Piotr napisał(a):To tobie wolno mieć zastrzeżenia do papieża, ale za podobne zastrzeżenia Lemańskiego w stosunku do biskupa Hosera faceta oskarżono, zbluzgano i zniszczono?Tak właśnie było. Pisała o tym Wyborcza i Newsweek, zatem to musi być prawda.

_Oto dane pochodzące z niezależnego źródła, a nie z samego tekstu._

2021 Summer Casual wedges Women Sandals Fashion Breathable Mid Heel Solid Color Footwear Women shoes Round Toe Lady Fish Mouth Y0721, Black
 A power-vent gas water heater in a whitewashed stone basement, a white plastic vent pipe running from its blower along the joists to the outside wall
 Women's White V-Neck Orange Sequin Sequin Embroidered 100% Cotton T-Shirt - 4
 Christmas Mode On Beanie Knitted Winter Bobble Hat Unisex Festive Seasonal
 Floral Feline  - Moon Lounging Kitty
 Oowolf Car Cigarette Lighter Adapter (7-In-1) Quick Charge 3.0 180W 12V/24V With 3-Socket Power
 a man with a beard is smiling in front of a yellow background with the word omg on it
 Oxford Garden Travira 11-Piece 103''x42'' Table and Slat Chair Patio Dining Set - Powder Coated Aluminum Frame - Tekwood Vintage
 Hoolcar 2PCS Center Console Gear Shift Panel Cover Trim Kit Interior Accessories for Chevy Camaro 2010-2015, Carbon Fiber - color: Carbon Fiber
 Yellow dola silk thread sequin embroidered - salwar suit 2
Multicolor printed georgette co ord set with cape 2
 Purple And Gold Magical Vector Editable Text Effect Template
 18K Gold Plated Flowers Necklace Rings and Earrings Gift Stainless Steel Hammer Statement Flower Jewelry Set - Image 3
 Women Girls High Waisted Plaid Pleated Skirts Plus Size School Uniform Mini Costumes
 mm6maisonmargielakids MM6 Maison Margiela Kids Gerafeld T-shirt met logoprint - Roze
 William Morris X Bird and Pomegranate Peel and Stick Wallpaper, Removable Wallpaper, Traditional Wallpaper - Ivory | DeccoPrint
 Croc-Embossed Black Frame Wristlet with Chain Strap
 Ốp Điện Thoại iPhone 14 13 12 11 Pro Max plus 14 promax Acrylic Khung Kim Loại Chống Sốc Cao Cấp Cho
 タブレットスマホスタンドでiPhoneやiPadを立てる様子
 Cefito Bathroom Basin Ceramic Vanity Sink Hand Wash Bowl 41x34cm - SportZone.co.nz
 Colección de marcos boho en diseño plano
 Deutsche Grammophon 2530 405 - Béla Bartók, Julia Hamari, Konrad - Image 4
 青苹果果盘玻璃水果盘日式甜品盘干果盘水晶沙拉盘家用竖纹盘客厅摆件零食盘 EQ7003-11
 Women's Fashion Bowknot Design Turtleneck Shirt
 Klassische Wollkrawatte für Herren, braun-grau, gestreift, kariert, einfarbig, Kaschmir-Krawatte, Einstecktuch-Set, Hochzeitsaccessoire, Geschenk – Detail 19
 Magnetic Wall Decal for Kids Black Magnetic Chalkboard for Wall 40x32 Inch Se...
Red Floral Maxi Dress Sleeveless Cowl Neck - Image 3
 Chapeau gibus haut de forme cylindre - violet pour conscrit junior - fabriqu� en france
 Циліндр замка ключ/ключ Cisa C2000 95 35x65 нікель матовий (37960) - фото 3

@Nikabryk - 100% racji. Zmienienie Kościoła w Kościół "otwarty" (tj. mocne zliberalizowanie nauczania społecznego) byłoby rozwiązaniem krótkofalowym. Owszem, pewno przyciągnęłoby to na jakiś czas do wiary "wierzących-niepraktykujących", członków LGBT, wszelakich cudzołożników, aborcjonistów i tym podobny element, który obecnie snuje się po jakichś chrześcijańskich sektach i postępowych zborach, pewno nowoczesnością Kościoła przez jakiś czas pozachwycałyby się media, ale co potem? Przecież jeśli zniesiono nam te anachroniczne zakazy i nakazy, jeśli nie straszy się nas piekłem, jeśli wiara nie wymaga wysiłku, to co nas w sumie trzyma w Kościele? Folklorystyczne rytuały (już nie żadne misterium) i dziecinna wiara w dobrą Bozię, która gdzieśtam sobie jest ale w sumie nie wiadomo gdzie i po co. Czyli nie dość, że jakość takich wiernych byłaby nadzwyczaj marna, to i ich ilość stopniowo by spadała. Parafrazując znane hasło: jeśli nie widać różnicy w życiu z Bogiem i bez Boga, to po co przepłacać na tacę?

Zresztą wystarczy spojrzeć, kto owo "otwarcie Kościoła" najbardziej popiera - te same media, które nie przepuszczą żadnej okazji, by wywołać kolejną awanturę o klechów-dziecioruchów i które stają murem za księżmi podburzającym parafian przeciwko hierarchii. Krecia robota.
Odnoszę wrażenie, że Kościół powinien powrócić do swoich dawnych metod survivalowych i przenieść się do katakumb, metaforycznych rzecz jasna. Kultywować najlepsze, przedsoborowe tradycję, stawiać na jakość wiernych i tą właśnie wielkością nielicznych wpływać na masy. Ciężko jednak powiedzieć, czy fizycznie byłoby to wykonalne - rozbudowane struktury Kościoła mogłyby nie przetrwać odpływu wiernych. Zresztą piszę to wszystko z pozycji niewierzącego i pragmatyka, nie sądzę, by Watykan zdecydował się na zaprzestanie misji i porzucenie mało gorliwych w wierze dusz.